Unfortunately for Fred Hoiberg that grace period is now over. It seems like forever ago--Fred Hoiberg was brought on to coach the Bulls after an Eastern Conference Semifinal playoff exit. The process of hiring Hoiberg was a quick one, in fact their wasn't much of a chance for other candidates to even make an impact. The job was Fred's from the beginning, and Gar Forman wouldn't want it any other way. The Bulls General Manager had the puppet strings ready to go, a fresh wad of cash in his hand, and had moved his pawn to signal a checkmate. Forman and company would proceed to sign Hoiberg to a 5 year/$25 million dollar deal. The fit made enough sense, Chicago was looking for a identity under a new coach, Hoiberg was known for having good relationships with his players, and the former Iowa State coach was some sort of an offensive savant.
About all that..
As Hoiberg finishes up his second full season with the Bulls, none of those impressions have stuck. Actually, players and fans alike have felt like the opposite is true about Hoiberg. The identity of this team has yet to be realized, there have been multiple reports of players not respecting Hoiberg, and his offensive system has yet to come to fruition. This proves to be another situation in which the Bulls' front office couldn't evaluate talent properly. Sure, it's still very early into his NBA coaching career, but nothing suggests that Hoiberg will be an outstanding head coach when the it's all said and done. I'm not sold on his long-term future coaching in the association. The lack of character and calling card for this current group is concerning, this season has consisted of inconsistency, young players not taking major strides, and Jimmy Butler and Dwyane Wade bailing them out down the stretch.

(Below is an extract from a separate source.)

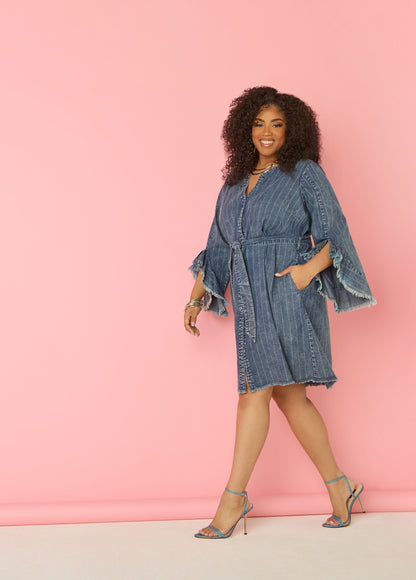 Ashley Stewart Striped Denim Shirtdress Denim Blue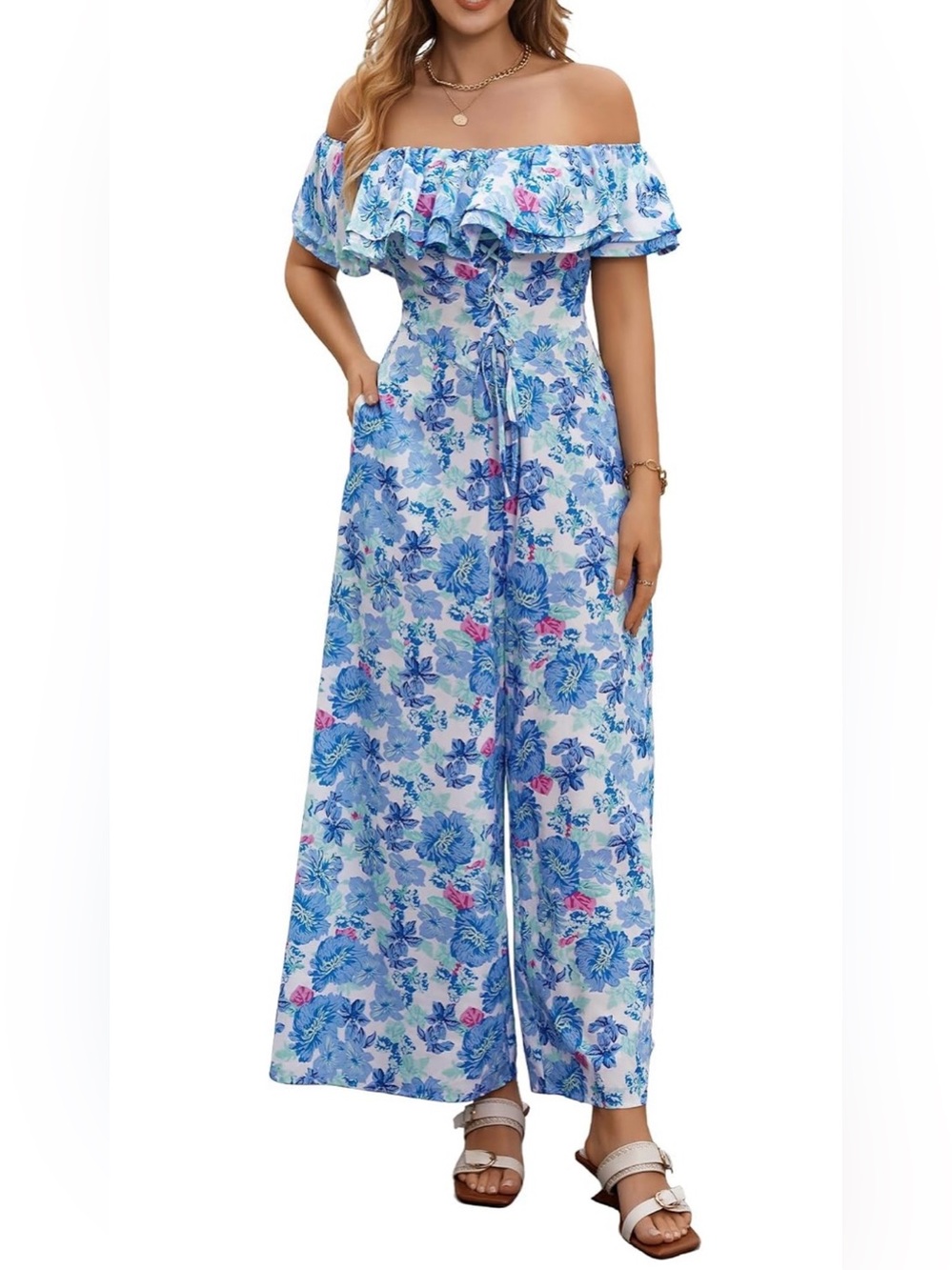 BeryLove Floral Jumpsuit Off The Shoulder Wide Leg Pockets Womens XL NWT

This season Butler has averaged 6.9 points in the fourth quarter, and Wade is second on the team with 6.1. No other player is averaging more than 4 points in the final frame.

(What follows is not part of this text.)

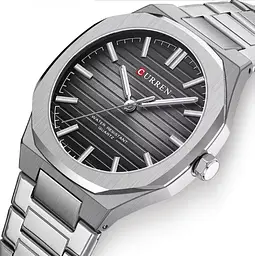 Годинник наручний Curren 8456 Silver Black Silver (18694) - мініатюра 2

The offensive numbers haven't been promising either, this season the Bulls rank 16th in offensive rating with a rating of 107.8, rank 30th in effective field goal percentage shooting 48% and 24th in pace--something that was supposed to improve under a new regime. Hoiberg doesn't have the personnel to make his system work, and that's because of the inability to surround Jimmy Butler with capable shooters. It's not fair to generalize Hoiberg's system when he doesn't have the players to make it work, however, it remains to be seen whether or not "Hoiball" will work.
Accountability and the ability to manage personalities have turned out to be two of Hoiberg's most glaring weaknesses. I am not in the locker room everyday, not do I have personal relationships with the players on the team, but the report from ESPN's Nick Friedell on Monday struck a chord with me. Friedell asked new Bull Cameron Payne about his role, and Payne responded with the following. "He hasn't said much about it. I'm pretty sure that it's all going to come out here, coming through practice. That's all I can really control. That's all I know." This isn't the first time that younger players have voiced their concerns with Fred's inability to communicate. Michael Carter-Williams told reporters that he was surprised by his benching in January. Two glaring problems stick out here--the inability to be honest with players, and the lack of communication on all fronts. Coming into this job, Gar Forman made it very well known that one of Hoiberg's biggest strengths was his ability to relate to players. Trust is a two way street, but the coach has to set the tone.
For now Chicago continues to push for a postseason birth, trying to find their identity and learn how to trust each other throughout the process. A slippery slope that is certain to lead to more questions than answers, but we're used to this at this point.